~ Kendall Coffey, on the fairness of the Ferguson grand jury process in the case of Officer Darren Wilson. “I feel pretty clearly that rather than a leaderless grand jury investigation, this was a grand jury that was being led to a conclusion of innocence. […] It’s just the questions a defense lawyer would have asked Officer Wilson – ‘didn’t you feel that your life was in jeopardy?’ Well of course you know what the answer is going to be. ‘Didn’t you feel like, in effect, that the shooting was justified?’ Not only does that tell the witness to say he’s innocent, it tells the grand jury members there in the room that this prosecutor is signaling very clearly that the prosecution thinks that officer Wilson is innocent.” (2014 MSNBC Politics Nation with Rev. Al Sharpton Interview.)
“…I’m going to put my former prosecutor’s hat back on. Grand jurors swear that when they step into that room that they’re going to maintain grand jury secrecy. That’s the deal going in. There are a lot of law enforcement values for that. So my view is that is what everybody agreed to, that’s the law, that’s the oath the grand juries take and that covenant should not be set aside by a judge.” ~ Kendall Coffey on Spinning the Law with Steve Malzberg
“…what’s so important about this law is, it applies to torture wherever it takes place in the world if one is perpetrated by a U.S. citizen, which happened to be the case with this defendant, but also, if somebody else steps foot in the United States who has committed torture crimes in a foreign country, that person can also be prosecuted.” Kendall Coffey on the trial of Chuckie Taylor.
“You know so many times the interest of the public sort of drops off after the sentencing. This time, Rick, I think a lot of the victims are going to want to know where he’s staying now that he’s going from the “penthouse”– they want him to be going to the “big house.” Kendall Coffey on Bernie Madoff.

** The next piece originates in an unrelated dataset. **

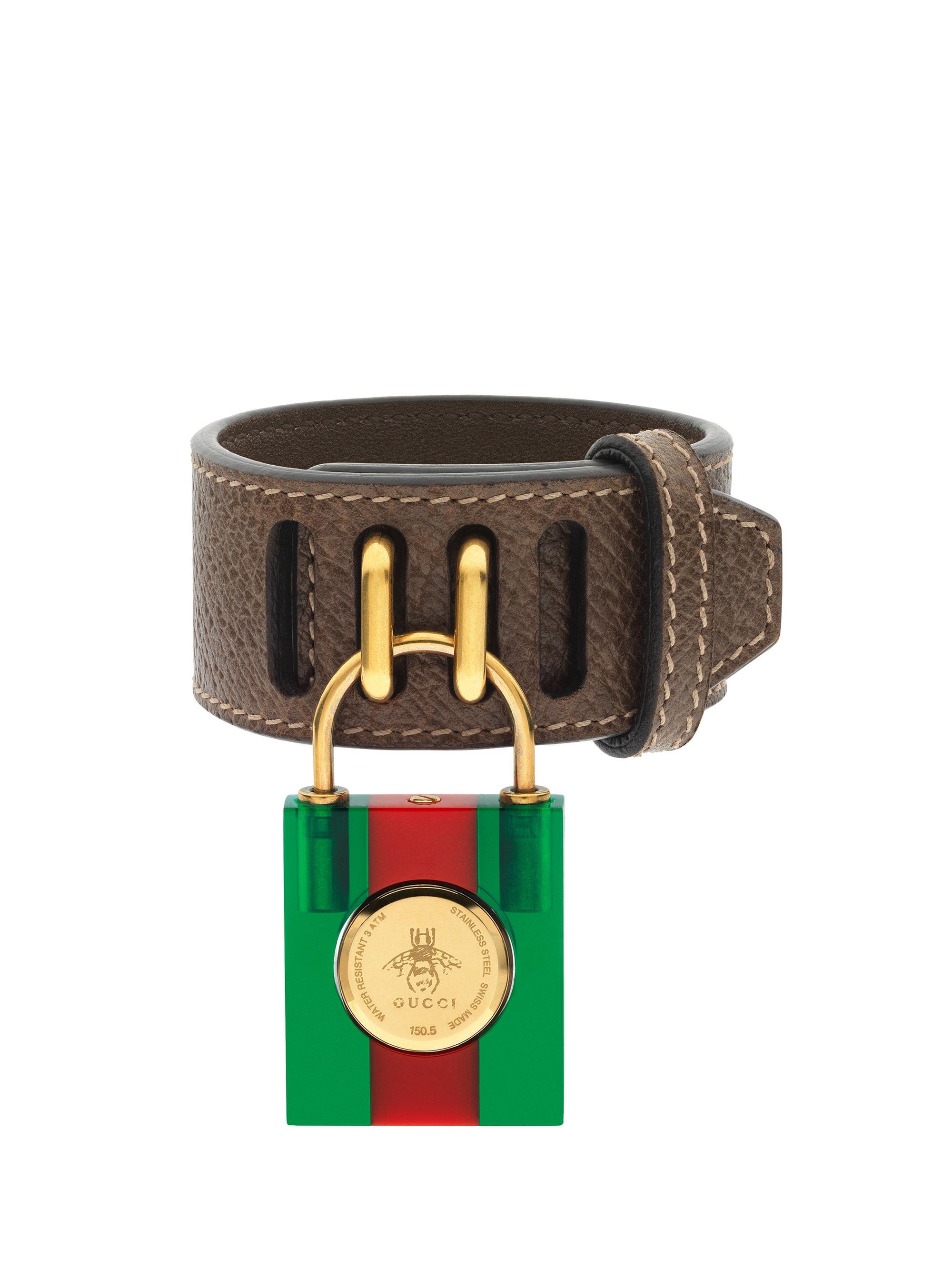 Gucci Twirl Lock Leather Bracelet Watch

“We have a love-hate relationship with the death penalty. We see these despicable crimes; we want the maximum punishment applied to people who brutally kill children or to terrorists. At the same time we’re very concerned about mistakes being made, both mistakes with respect to selecting who is worthy of dying, if anyone, and mistakes with respect to the actual administration of execution. And these kind of cases, where horrible pains and horrible mistreatment occurs in the course of an execution, are very troubling to Americans and obviously of great concern to the United States Supreme Court.” Kendall Coffey on the death penalty.